Condoms and their uses: Apart from the usual,a condom can be a handy piece of equipment. Like we witness in ‘Grand Masti’ it can also double up as an umbrella cover.

Bikinis are normal attire: Contrary to popular belief,sporting a bikini while in college and even attending lectures clad in one isn’t a taboo any more.

Family woes: Before triple dating always verify whether the girls are related in any way,especially family ties,like the boys learnt from Rose,Mary,and Marlow.

Beware of wearing printed underwear: If ever caught in a fix with a mouse printed on your underpants watch out for cats’ pet of feral.

Combinations for condoms: Condom doodh aur pani ke saath nahi,kele ke saath lena chaiye.

A woman’s effect: If the tides of the seas are controlled by the moon,water from a fountain can be affected by the presence of a woman.

F is the best grade: Contrary to educational grading systems ‘F’ is by far the best grade that need to be achieved for complete satisfaction.

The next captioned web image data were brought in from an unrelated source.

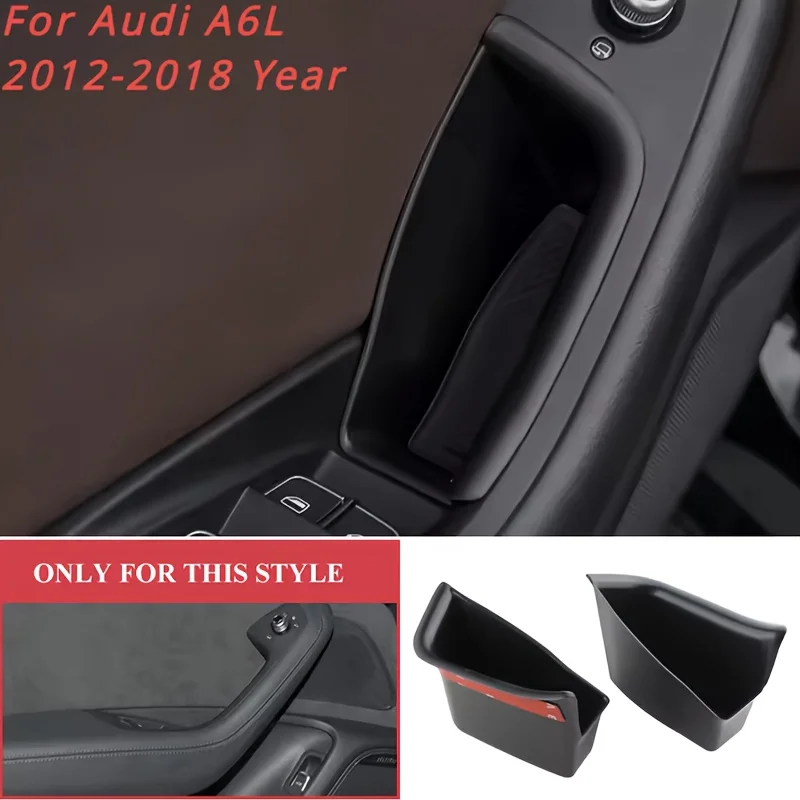 

2pcs Car Front Door Storage Box For Audi A6L A6 2012-2018 Car Interior Storage ABS Plastic Door Organizer Holder Case Accessorie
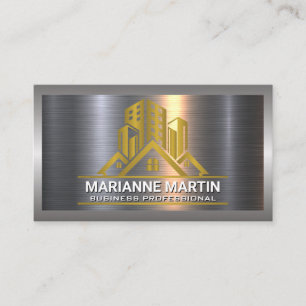 Gold Metal Brushed Luxury Real Estate Logo Business Card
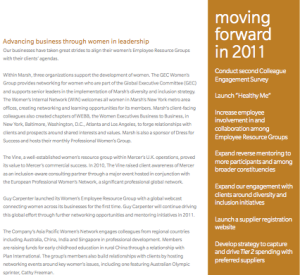 Marsh and McLennan's 2010 CSR Report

Think twice before kicking your boss: If you ever find your boss with your wife think twice before kicking him,it may just be some small puppy that’s being admired.

Wife as the boss isn’t always good: Having your wife as your boss doesn’t always help,especially when planning a night out with the boys.

Any time bottle openers: Stuck with a bottle sans an opener,take a hint from the film and approach the closest current student.

Airport route: When caught cheating by your girlfriend’s husband/ father/ brother run straight to the airport.

Battle of the crows: Kawve aur popat ke jung mein hamesha popat hi ghayal hota hai. Fear the crow.